Restate the following data in its entirety, word for word and without images.

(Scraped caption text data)
⁂

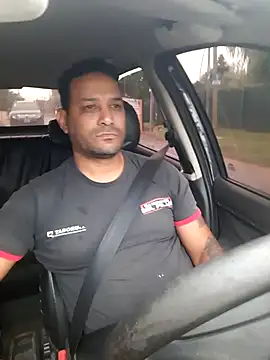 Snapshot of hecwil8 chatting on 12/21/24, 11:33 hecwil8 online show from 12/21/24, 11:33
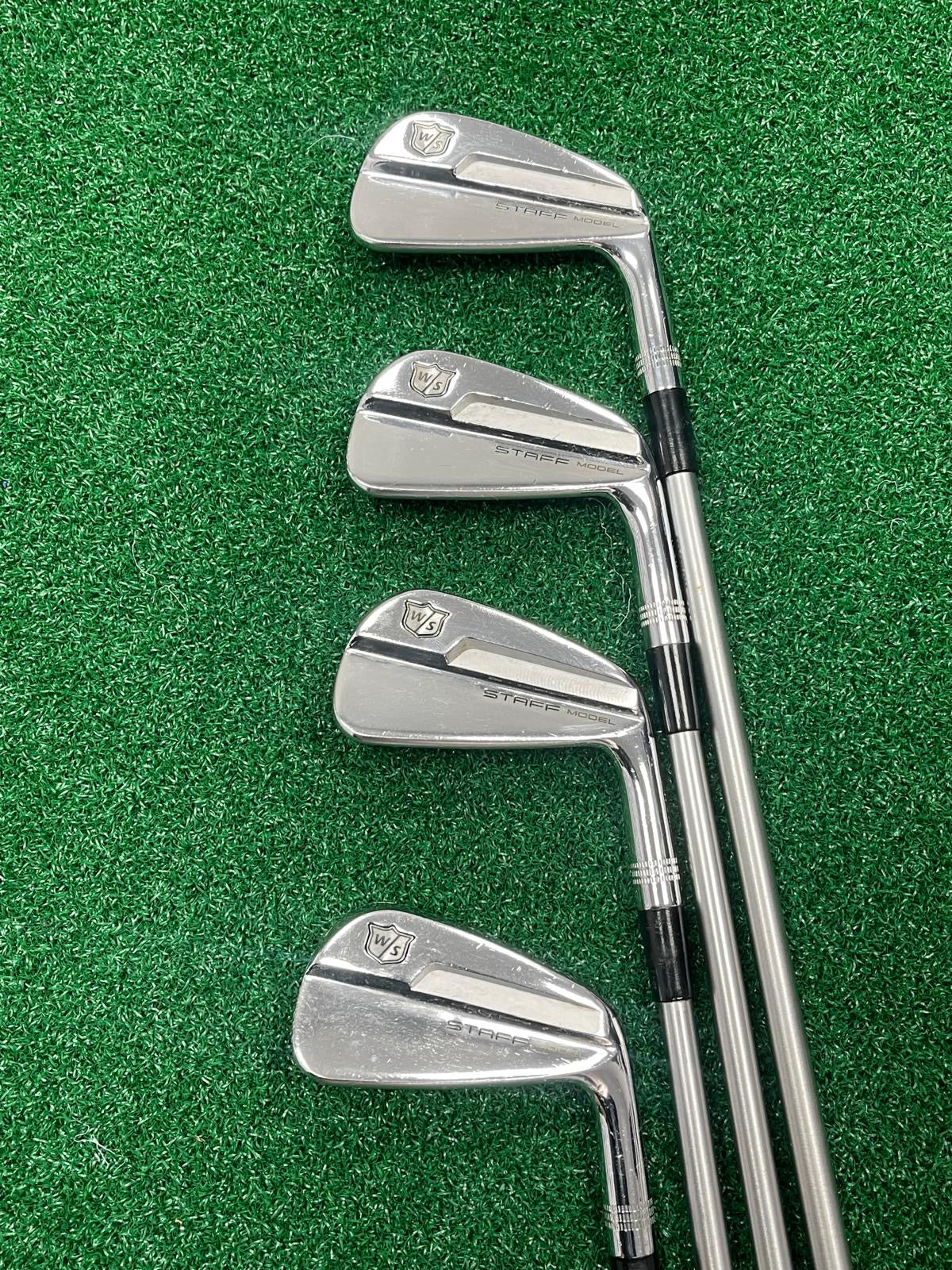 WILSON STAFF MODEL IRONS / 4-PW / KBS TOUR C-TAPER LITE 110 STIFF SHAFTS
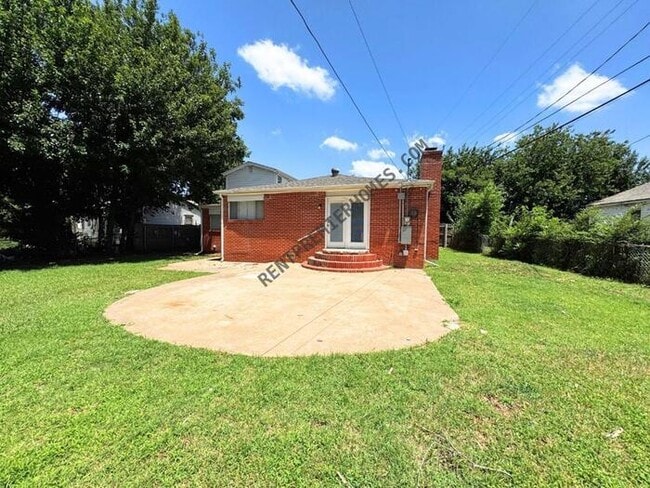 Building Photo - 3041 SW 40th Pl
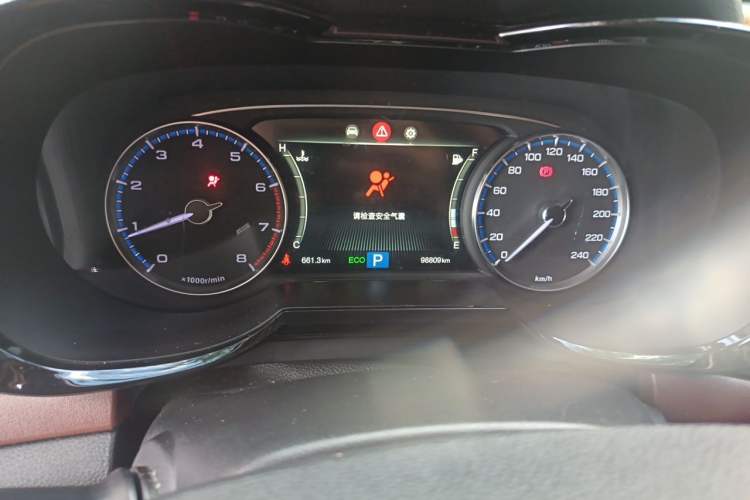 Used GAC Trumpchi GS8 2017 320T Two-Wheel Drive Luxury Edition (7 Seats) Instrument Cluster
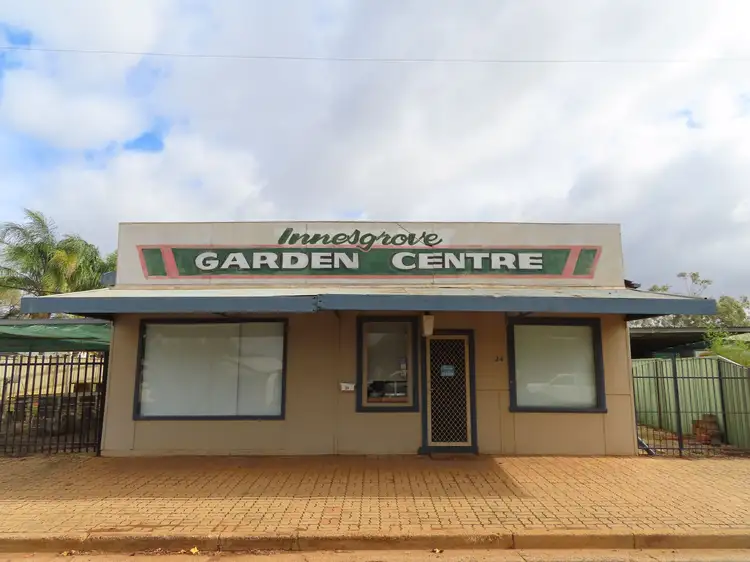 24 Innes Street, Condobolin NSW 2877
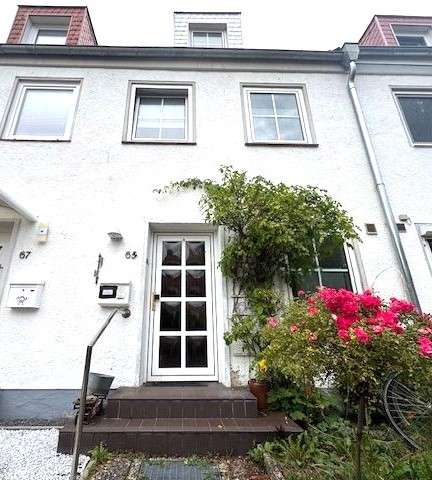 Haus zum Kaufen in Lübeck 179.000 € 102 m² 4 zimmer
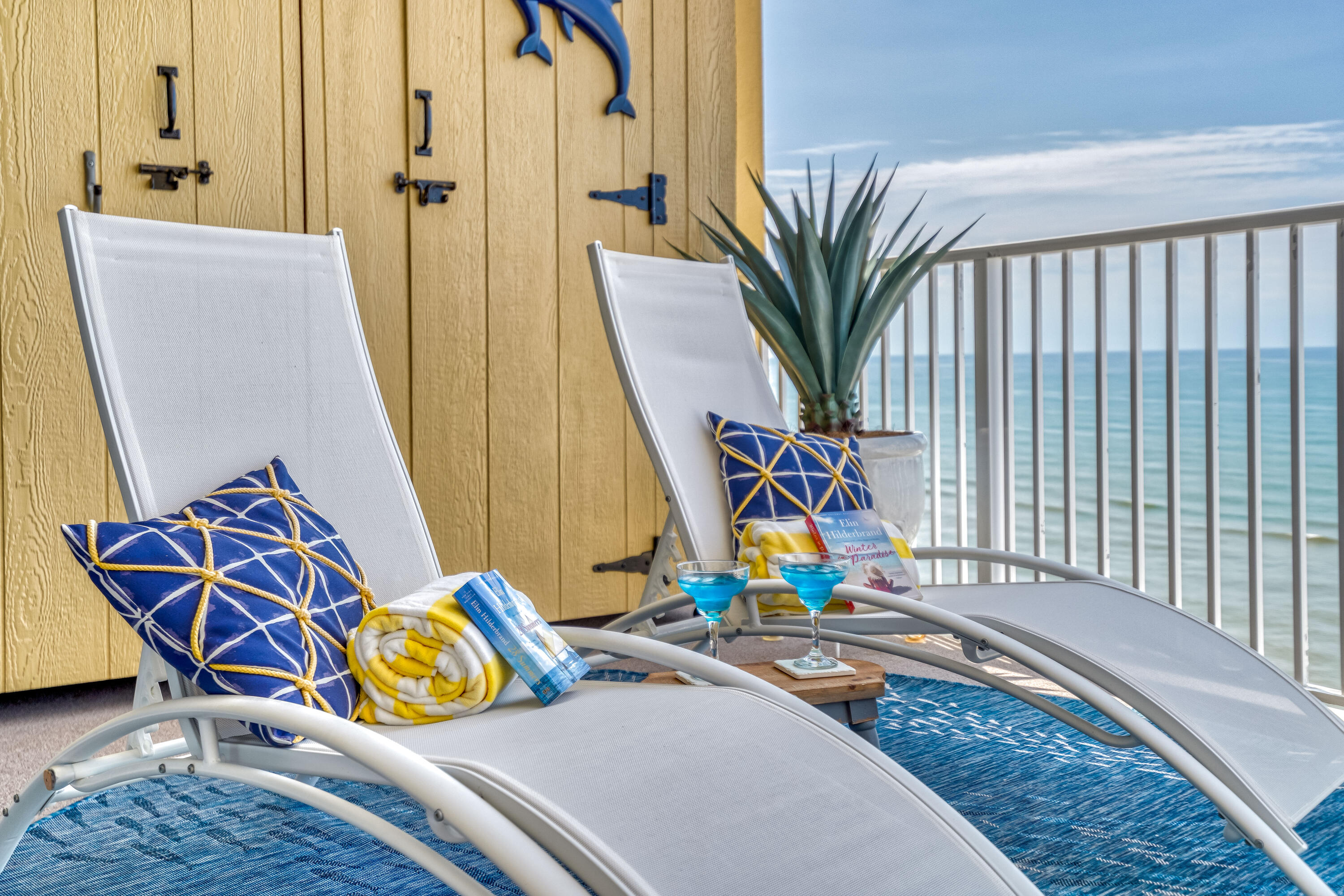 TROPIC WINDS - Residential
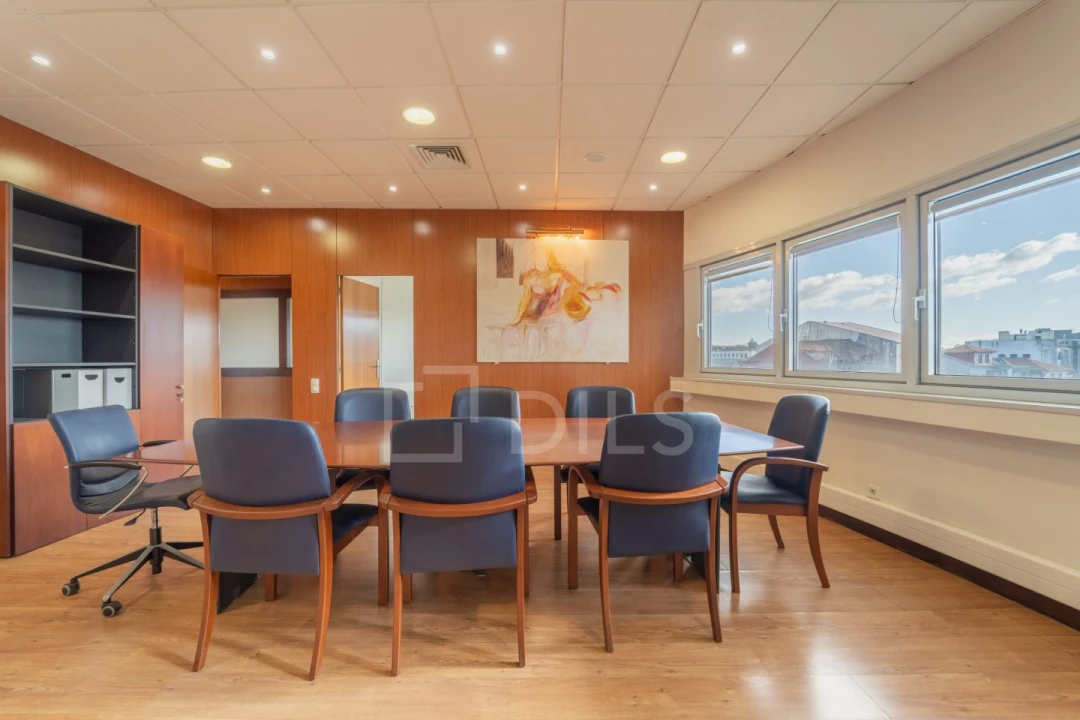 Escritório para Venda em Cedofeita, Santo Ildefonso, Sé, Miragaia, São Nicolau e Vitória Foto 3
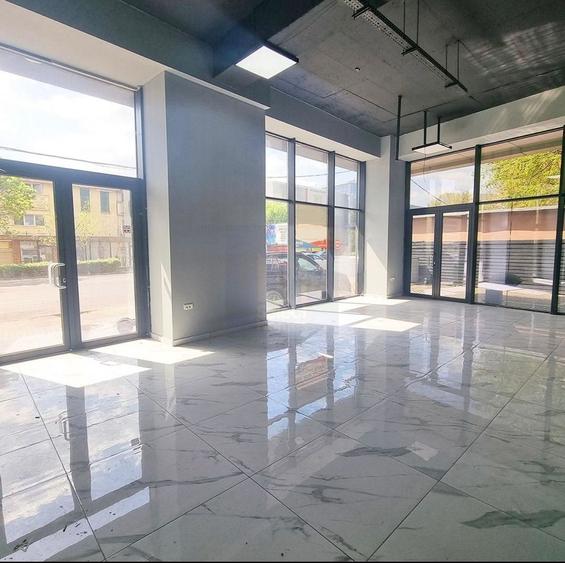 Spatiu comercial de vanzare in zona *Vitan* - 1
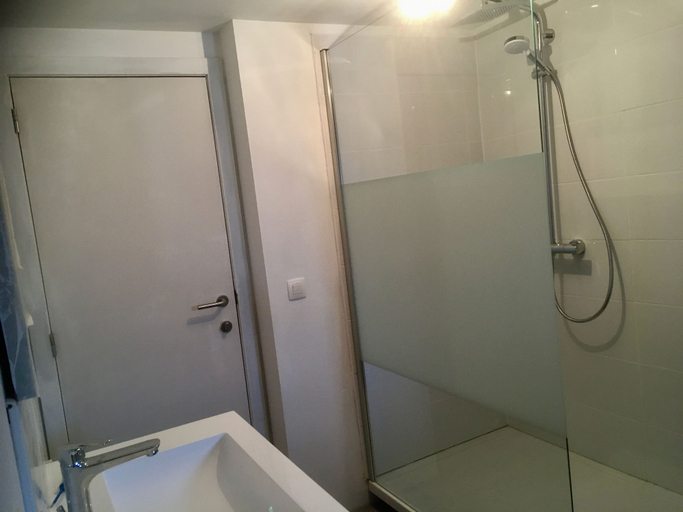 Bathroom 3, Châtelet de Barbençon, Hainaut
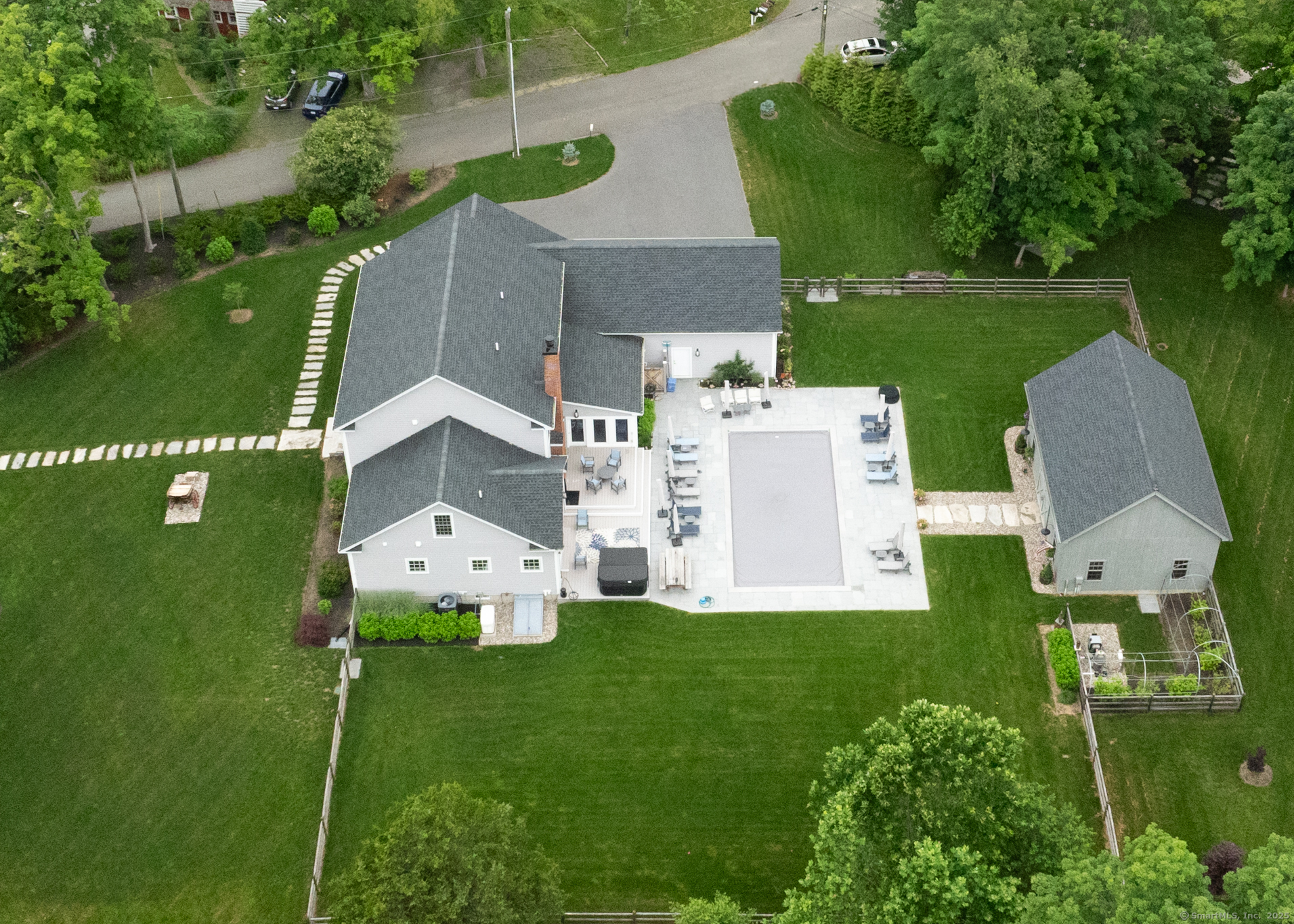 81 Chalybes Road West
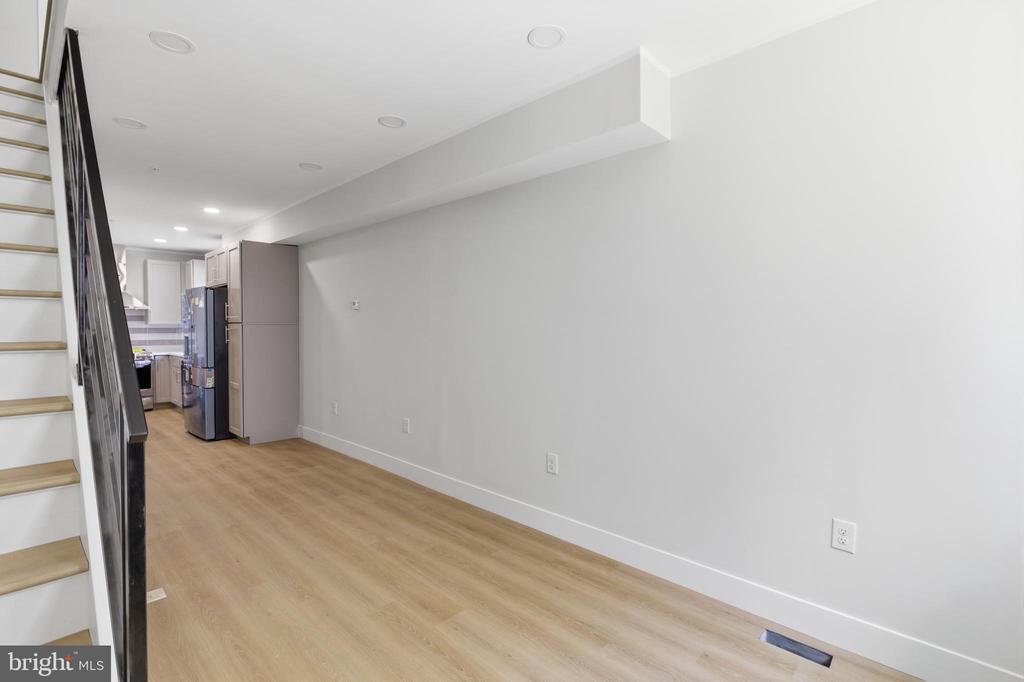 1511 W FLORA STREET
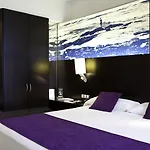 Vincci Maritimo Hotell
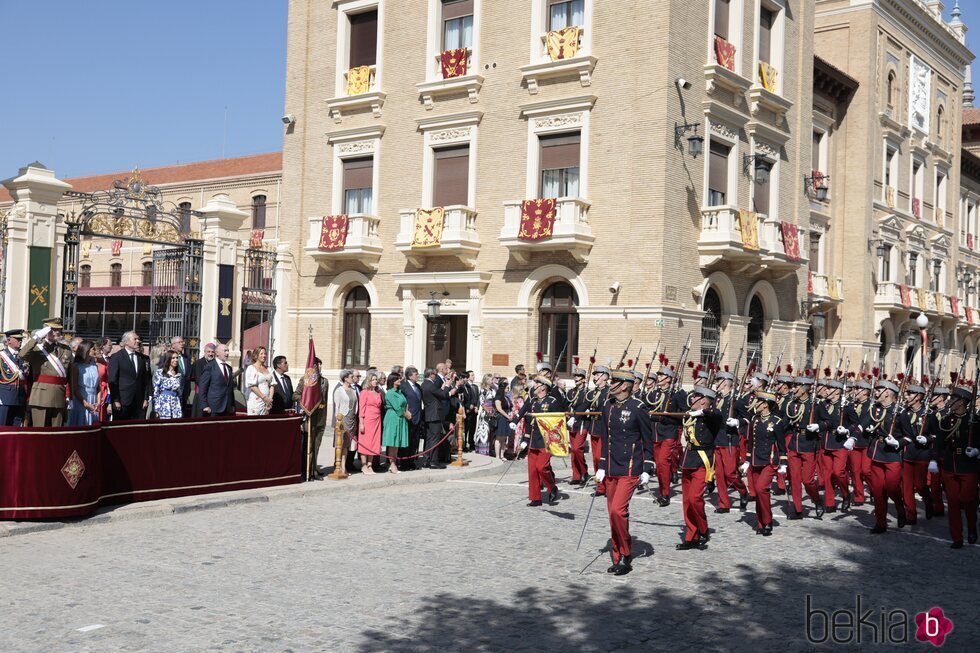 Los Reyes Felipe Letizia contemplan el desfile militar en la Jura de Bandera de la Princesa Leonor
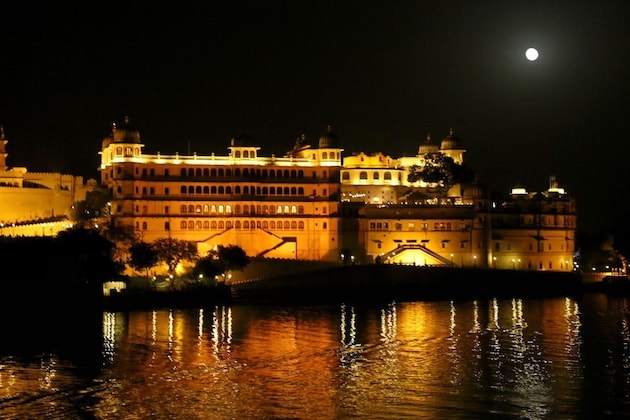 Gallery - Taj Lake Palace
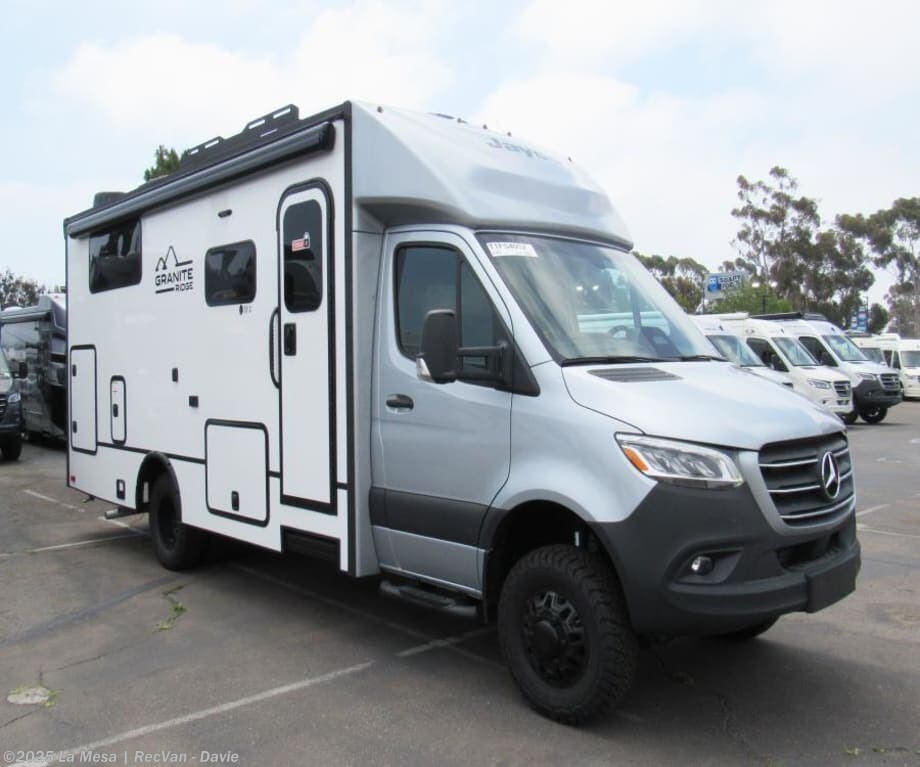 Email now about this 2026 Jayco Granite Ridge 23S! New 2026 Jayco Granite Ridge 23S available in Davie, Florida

⁂

▶ **Answer below**
 Snapshot of hecwil8 chatting on 12/21/24, 11:33 hecwil8 online show from 12/21/24, 11:33
 WILSON STAFF MODEL IRONS / 4-PW / KBS TOUR C-TAPER LITE 110 STIFF SHAFTS
 Building Photo - 3041 SW 40th Pl
 Used GAC Trumpchi GS8 2017 320T Two-Wheel Drive Luxury Edition (7 Seats) Instrument Cluster
 24 Innes Street, Condobolin NSW 2877
 Haus zum Kaufen in Lübeck 179.000 € 102 m² 4 zimmer
 TROPIC WINDS - Residential
 Escritório para Venda em Cedofeita, Santo Ildefonso, Sé, Miragaia, São Nicolau e Vitória Foto 3
 Spatiu comercial de vanzare in zona *Vitan* - 1
 Bathroom 3, Châtelet de Barbençon, Hainaut
 81 Chalybes Road West
 1511 W FLORA STREET
 Vincci Maritimo Hotell
 Los Reyes Felipe Letizia contemplan el desfile militar en la Jura de Bandera de la Princesa Leonor
 Gallery - Taj Lake Palace
 Email now about this 2026 Jayco Granite Ridge 23S! New 2026 Jayco Granite Ridge 23S available in Davie, Florida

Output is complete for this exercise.